親の遺骨を市営霊園の合葬墓に入れる手続きをしています。
親の謄本を結婚から死亡まで辿り、霊園が確認して納骨するのですが。この前時代的なシステム、明治時代に作られてそのまま使われているシステムは何とかならないかとは思いますが。
居住した地を4ヶ所辿り、熊本県の私が生まれた土地の役場に郵送申請して、謄本が届きました。
母親が姉を連れて父親と再婚したことは聞いていましたが、その姓を知ったのは初めて。
振り返れば親のことは何も知りませんでした。親は自分たちのルーツ、生い立ち、歴史生き方、人生哲学など一切子に話してはいなかったのです。

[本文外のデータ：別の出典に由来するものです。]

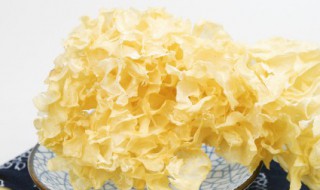 鲜金耳怎么炒好吃 腊肉炒金耳的做法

機能不全家族あるある、です。
父親は癇癪持ち。コミュニケーションが取れない、今でいうパーソナリティ障害。どんな家庭で育ったのか想像がつきます。
姉を連れた母親と父が結婚します。当時の常識では初婚の男と子連れバツイチの女と結婚するのは珍しかったでしょう。
父方は癇癪持ちの息子に手を焼いていたのかもしれません。
この二人が結婚して私が生まれた。親が育ったように子も育った。面前DV、乖離、トラウマ、コミュニケーション障害、そしてパーソナリティ障害。
家族の輪廻、家庭内連鎖は見事に次の世代に受け継がれました。機能不全家族の歴史は脈々と続きます。
親は機能不全のまま死んでいきました。姉は強い共依存のまま。母の亡き後は他の依存相手を探して収まったのでしょう。
幸いにも私はカウンセラーと出会い、カウンセリング、心理療法でAC共依存を終わらせました。
機能不全家族がなくなることはないのでしよう。少なくなることもないでしょう。見ていると逆に増えているような気がします。社会全体が機能不全になっているのでしようか。とても気になります。